I’m curious what he’s said or done to make you a fan?
Seems like you're just arguing about the definition of the word "mistake". Intent has nothing to do with it. From Google (Oxford Dictionary):
> an action or judgment that is misguided or wrong.
So to admit that you made a mistake just means you were "misguided or wrong" which he definitely made clear he was. You're claiming that there was significant time to reconsider but the reality is that this all went down in a matter of hours from when the intern published his article. Sometimes people have bad judgement and the public and especially one's peers can help to see the error of their ways and improve for the better. If he was a repeat offender and this happened several times then I could totally understand it but there's no reason to keep bringing this up every single time anything related to Replit is mentioned on HN.

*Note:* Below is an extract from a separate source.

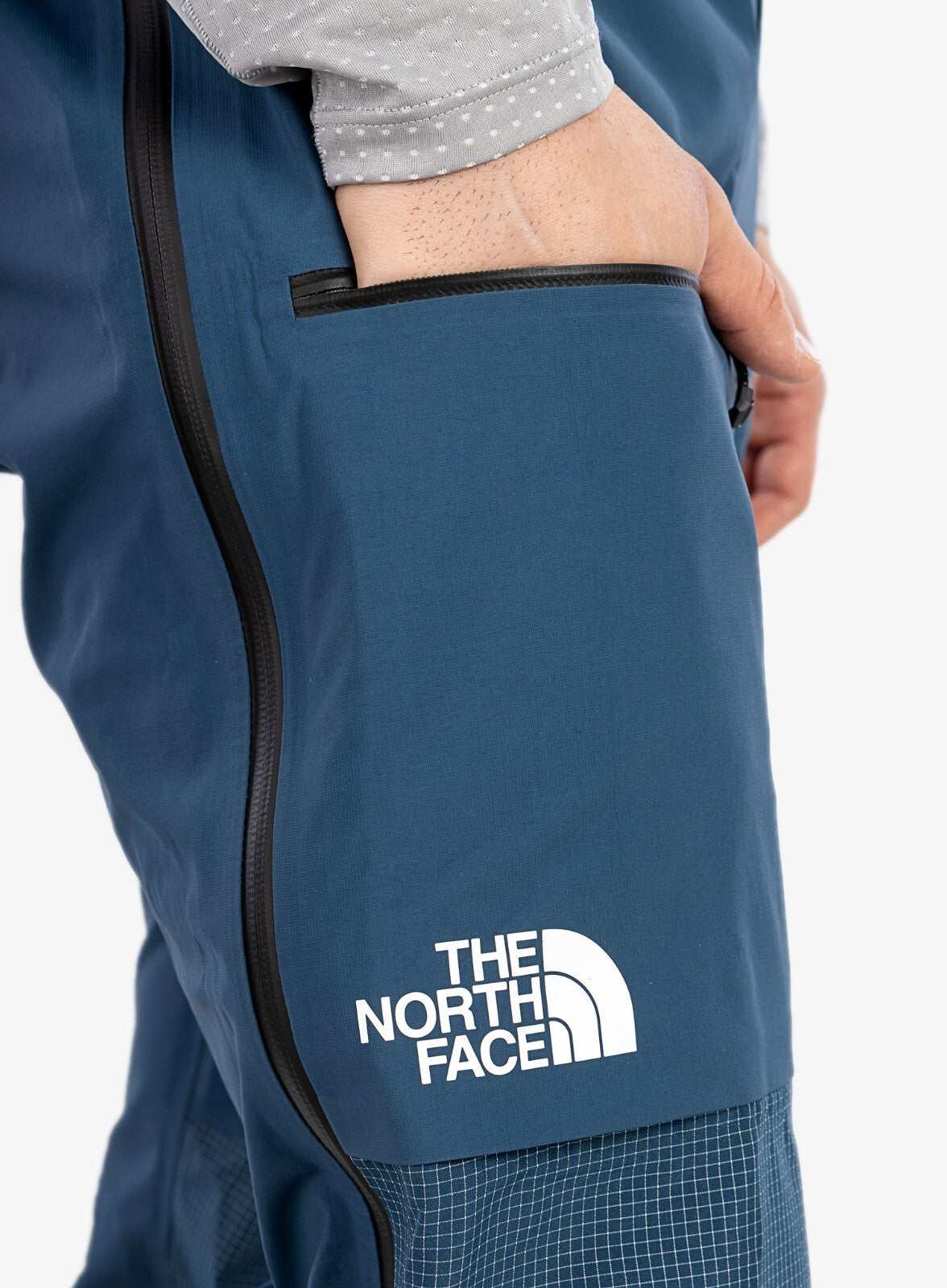 The North Face Men's Summit L5 Futurelight Full Zip Bib Pant / Blue / RRP £585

No, whole thing didn’t go down over a few hours. It was weeks. Not sure why you’d lie about this to protect someone you don’t know.
Furthermore, not only did did he refuse to acknowledge his lies, he continued to lie, doubled down on the previous ones, and to this day still continues to make deceptive statements.
So yes, as his slimy behavior has continued it is relevant to bring this up every single time replit is mentioned here.
Thanks for linking this. This is actually a superior offering to replit. They recently removed the ability to access a simple repl without logging in. Now you a) have to login and b) have to deal with this obtuse IDE-in-a-browser project creation shit. It's so many extra steps before I can run code.
I just want a URL in which I can run some code. https://riju.codes/ is literally that. Thanks!
I ran into the same thing and finally made a Replit account. I'm just gonna use Riju from now on though. Using Replit with an account is way more janky than it was without needing to login.
> Using Replit with an account is way more janky than it was without needing to login.
It’s such a massive miss by their product teams. I don’t need this half-baked IDE. I want an interface that lets me run code as quickly as possible without any intermediate steps.
Not at all familiar with the details of this, but just to generally observe the bigger the mistake - the harder the walk-back and the higher the chance a lesson was learned. No guarantees, but it's rare to get past the first stage.
I've seen terms/clauses here in AU for full time employment, depending on the industry/niche, where you can't jump to the same industry within X months.
That's just a coincidence. The job posts go into a queue and it's semi-random when they get placed. The current submission appearing at the same time is unrelated. At least I presume it is.
That said, I am patiently waiting and champing at the bit for the day this isn't true anymore. Cool to see the groundwork being laid for it.